The Attempt at a Solution

I take the Laplace transform of both sides and get

$sX(s) - x(0) + aX(s) = \frac{Aω}{s^{2} + ω^{2}}$
$X(s) = \frac{b}{s + a} + \frac{Aω}{(s^{2} + ω^{2})(s+1)}$

The solution then state that the expression above is equal to

$(b + \frac{ωA}{a^{2}+ω^{2}})\frac{1}{s + a} + \frac{aA}{a^{2} + ω^{2}}\frac{ω}{s^{2} + ω^{2}} - \frac{ωA}{a^{2} + ω^{2}}\frac{s}{s^{2} + ω^{2}}$

I don't know how the two expressions are equal to each other or were $\frac{aA}{a^{2} + ω^{2}}\frac{ω}{s^{2} + ω^{2}} - \frac{ωA}{a^{2} + ω^{2}}\frac{s}{s^{2} + ω^{2}}$ came from. I believe that $\frac{b}{s + a} + \frac{Aω}{(s^{2} + ω^{2})(s+a)} = (b + \frac{ωA}{a^{2}+ω^{2}})\frac{1}{s + a}$ as it's just factoring. So then if this is true than $\frac{aA}{a^{2} + ω^{2}}\frac{ω}{s^{2} + ω^{2}} = \frac{ωA}{a^{2} + ω^{2}}\frac{s}{s^{2} + ω^{2}}$, which I don't see how that's true.

Thanks for any help.

 

[LCKurtz]

Homework Statement

Given

$\frac{dx}{dt} + ax = Asin(ωt), x(0) = b$

Solve for $x(t)$

Homework Equations

The Attempt at a Solution

I take the Laplace transform of both sides and get

$sX(s) - x(0) + aX(s) = \frac{Aω}{s^{2} + ω^{2}}$
$X(s) = \frac{b}{s + a} + \frac{Aω}{(s^{2} + ω^{2})\color{red}{(s+a)}}$

The solution then state that the expression above is equal to...

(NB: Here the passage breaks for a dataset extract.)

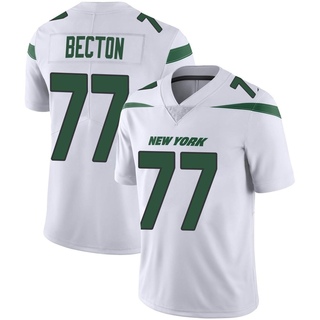 Limited Mekhi Becton Men's New York Jets Spotlight Vapor Jersey - White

I think you meant $s+a$ where I have corrected in red. I didn't bother to work through your next calculations. This is going to be messy even without any mistakes. What the author surely did was use the standard procedure of partial fractions to break up that last fraction:$$
\frac{Aω}{(s^2 + ω^2)(s+a)}= \frac C {s+a} + \frac{Ds+E}{s^2+\omega^2}$$Use your calculus partial fraction methods to solve for $C,D,E$. They will be a bit messy and if neither you nor the author made any mistakes it should work. That last fraction is easy enough to take the inverse transform. I would inverse just as it stands first, then substitute the values for $C,D$, and $E$ in your answer.

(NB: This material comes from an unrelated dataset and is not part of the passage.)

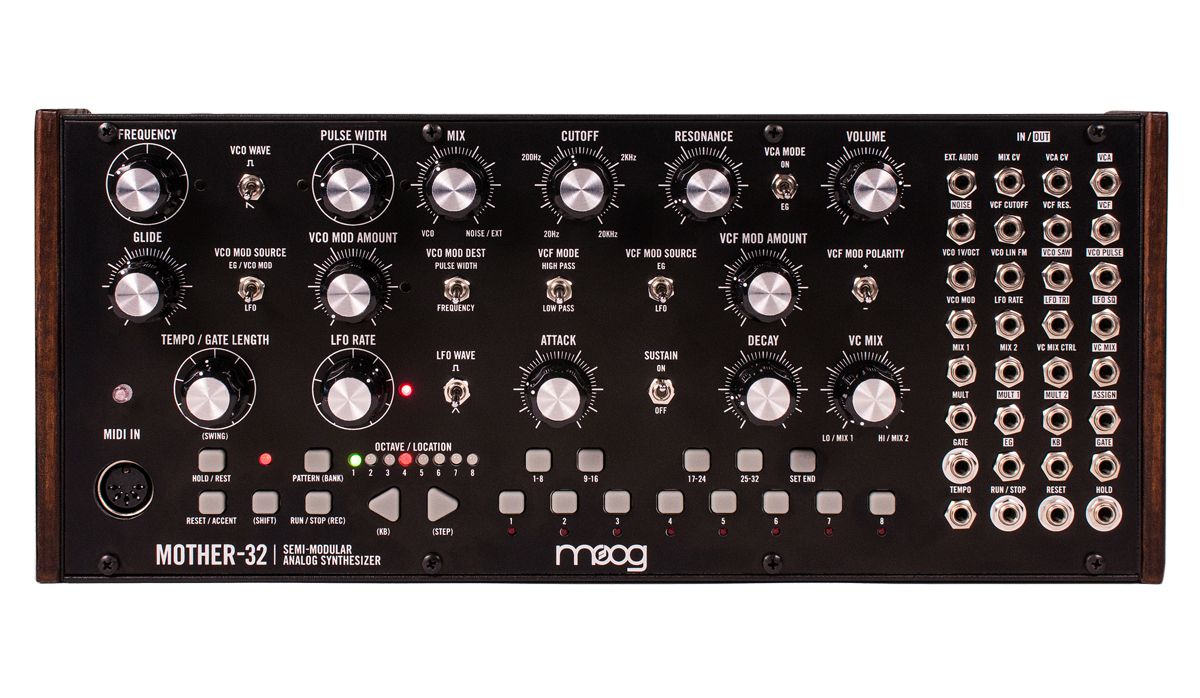 Mother-32 - Semi-Modular Analog Synthesizer by Moog – TRANSISTORY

I should comment that LaPlace transforms is an terrible way to work this problem. I'm assuming you were asked to do it that way or I would have a rather different hint.

 

[GreenPrint]

How would you recommend solving this problem then, if there's a much easier way to solve this than I would like to know how that can be done. Resolving that into partial fractions is very difficult to do.

 

[Chestermiller]

Another way of inverting the second term is to use convolution, especially with the s+a term there in the denominator.

 

[pasmith]

How would you recommend solving this problem then, if there's a much easier way to solve this than I would like to know how that can be done. Resolving that into partial fractions is very difficult to do.

The method of undertermined coefficients suggests a solution of the form
$$x(t) = Be^{-at} + C\cos \omega t + D \sin \omega t$$
for some constants $B$, $C$ and $D$.

 

[LCKurtz]

How would you recommend solving this problem then, if there's a much easier way to solve this than I would like to know how that can be done. Resolving that into partial fractions is very difficult to do.

It's a constant coefficient equation. I would have recommended the same as pasmith did above.